═════ Information shown ═════
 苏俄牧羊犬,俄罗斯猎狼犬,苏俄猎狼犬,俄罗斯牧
═════
═════ Information shown ═════
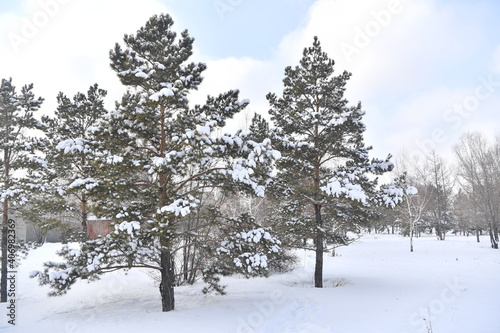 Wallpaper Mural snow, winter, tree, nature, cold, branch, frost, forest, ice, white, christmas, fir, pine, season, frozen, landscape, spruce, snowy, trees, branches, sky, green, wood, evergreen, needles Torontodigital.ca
═════
═════ Information shown ═════
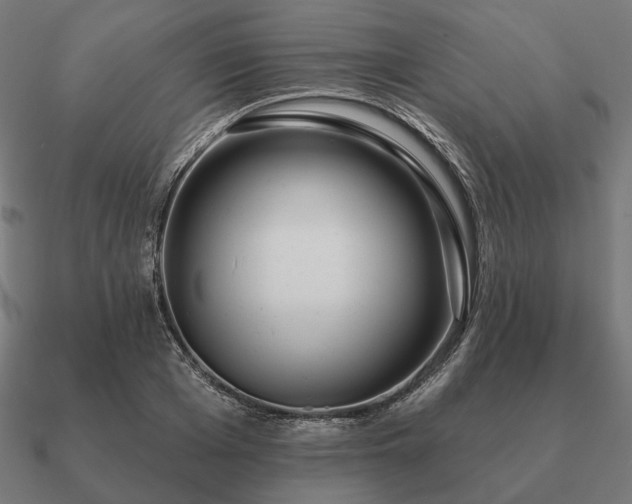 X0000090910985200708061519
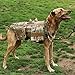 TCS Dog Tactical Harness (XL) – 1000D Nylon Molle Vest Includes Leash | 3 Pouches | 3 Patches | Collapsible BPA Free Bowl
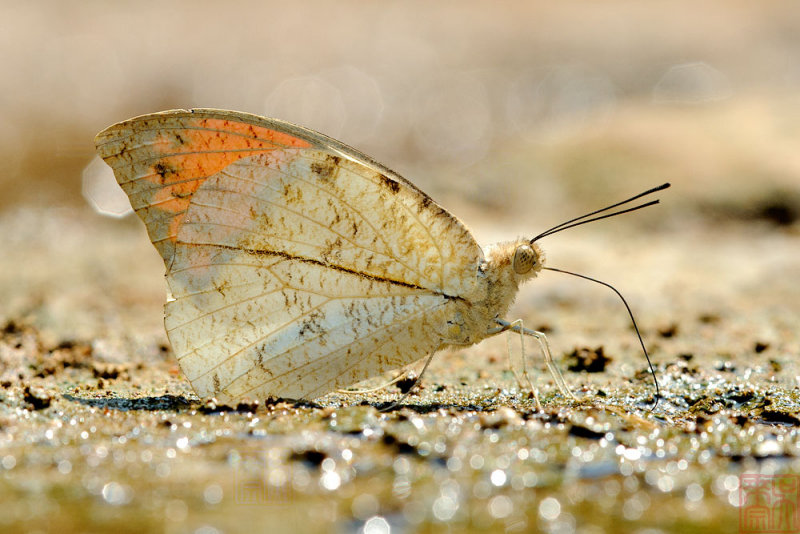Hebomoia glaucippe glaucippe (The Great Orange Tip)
═════
## Assigned task
The lines above from the line with "X0000090910985200708061519" through the line with "Hebomoia glaucippe glaucippe" are to be given again word for word, with no pictures among them.

## Task answer
 X0000090910985200708061519
 TCS Dog Tactical Harness (XL) – 1000D Nylon Molle Vest Includes Leash | 3 Pouches | 3 Patches | Collapsible BPA Free Bowl
Hebomoia glaucippe glaucippe (The Great Orange Tip)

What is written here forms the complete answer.